*What you have to do:* Only the lines from the one containing "A CONTINENTAL PORCELAIN" through the end of the entries are wanted, retyped exactly and without pictures.
==========
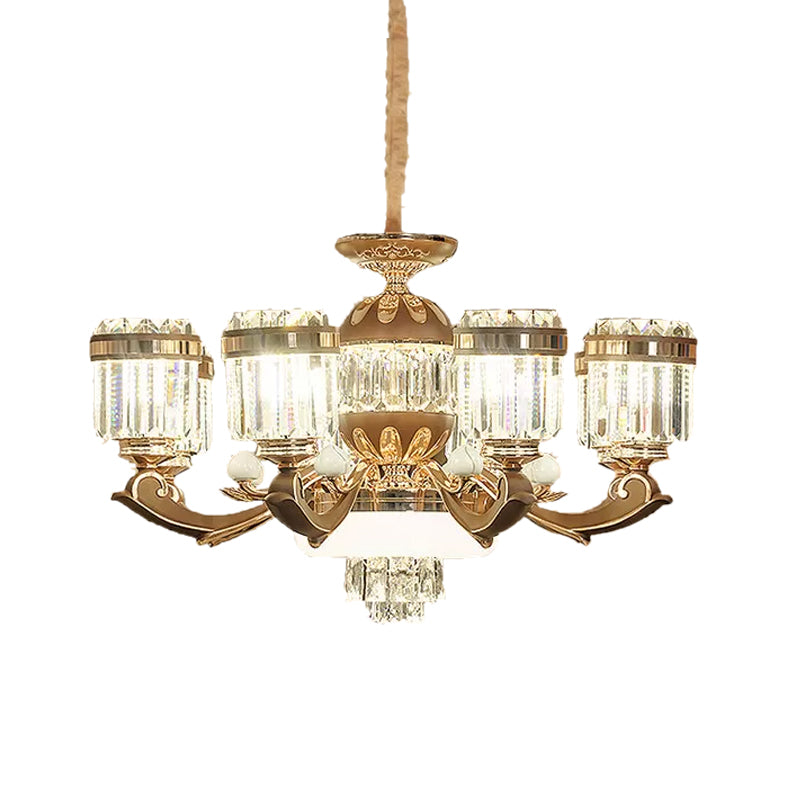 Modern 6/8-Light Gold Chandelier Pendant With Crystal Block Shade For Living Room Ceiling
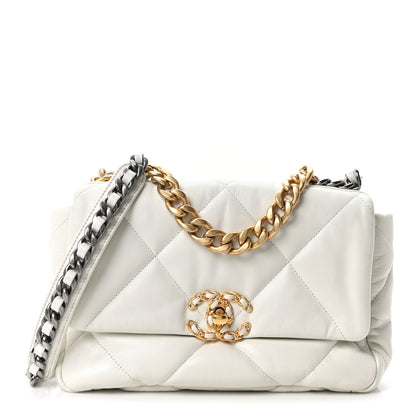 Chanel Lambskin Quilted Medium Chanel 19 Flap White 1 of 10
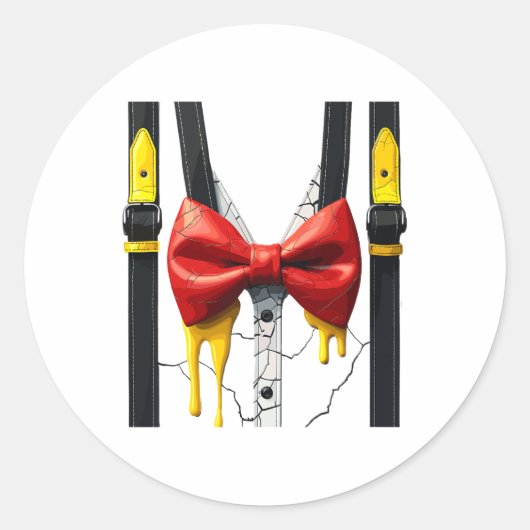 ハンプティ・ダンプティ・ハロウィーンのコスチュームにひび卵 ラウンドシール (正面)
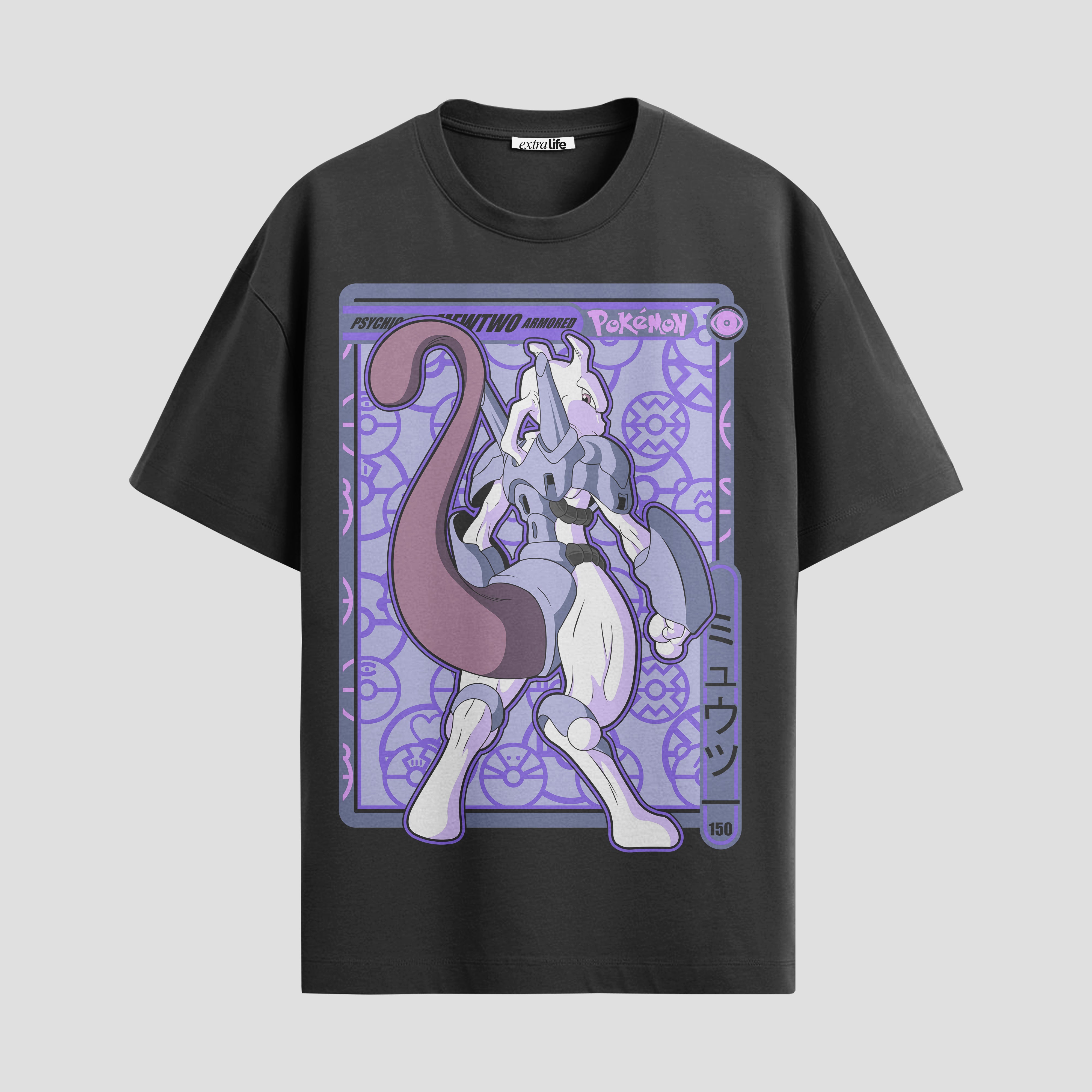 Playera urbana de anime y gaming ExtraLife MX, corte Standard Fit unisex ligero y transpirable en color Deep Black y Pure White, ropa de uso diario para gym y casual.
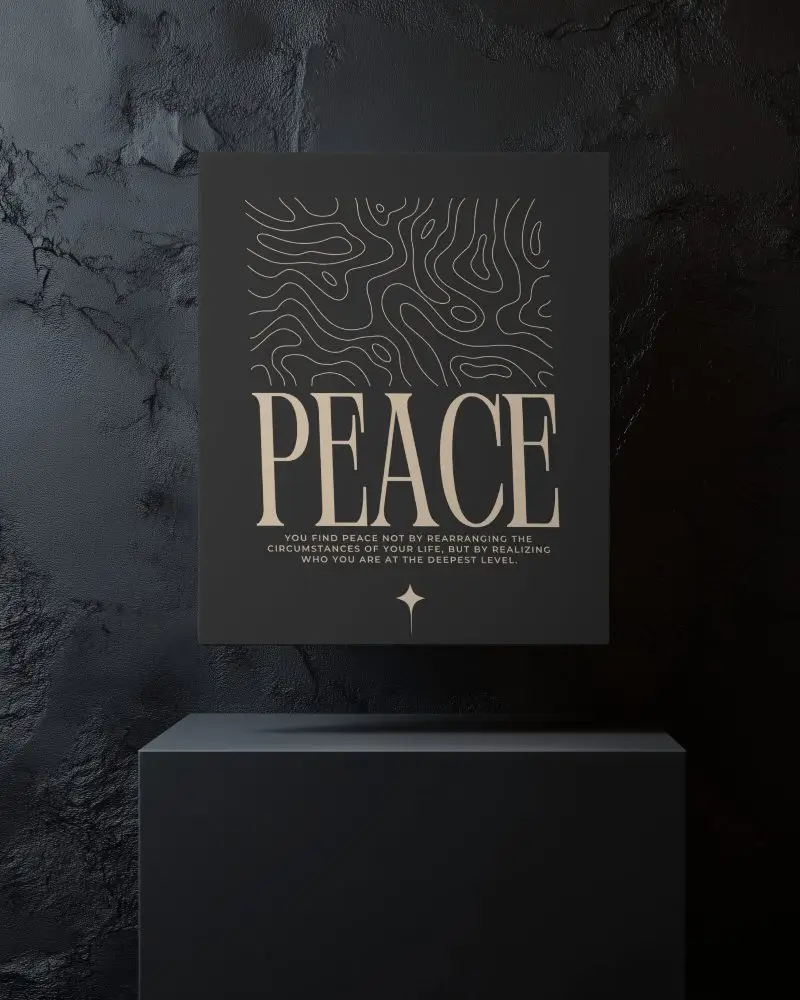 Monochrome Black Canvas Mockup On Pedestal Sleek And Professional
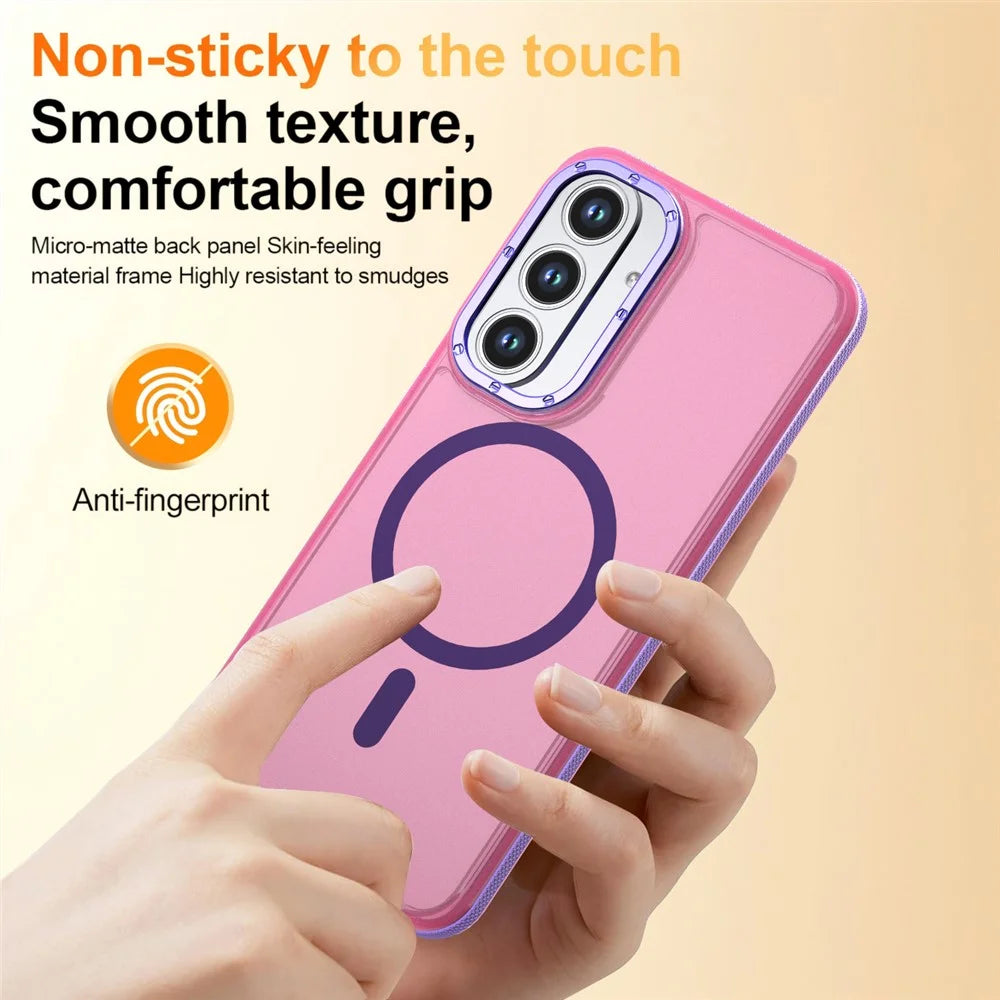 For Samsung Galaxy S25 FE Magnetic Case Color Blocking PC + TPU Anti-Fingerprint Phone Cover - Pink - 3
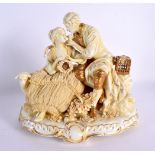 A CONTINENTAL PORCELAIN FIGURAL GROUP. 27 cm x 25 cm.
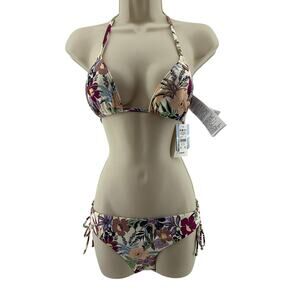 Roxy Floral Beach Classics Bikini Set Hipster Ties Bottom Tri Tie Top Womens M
==========
*Your solution:*
 A CONTINENTAL PORCELAIN FIGURAL GROUP. 27 cm x 25 cm.
 Roxy Floral Beach Classics Bikini Set Hipster Ties Bottom Tri Tie Top Womens M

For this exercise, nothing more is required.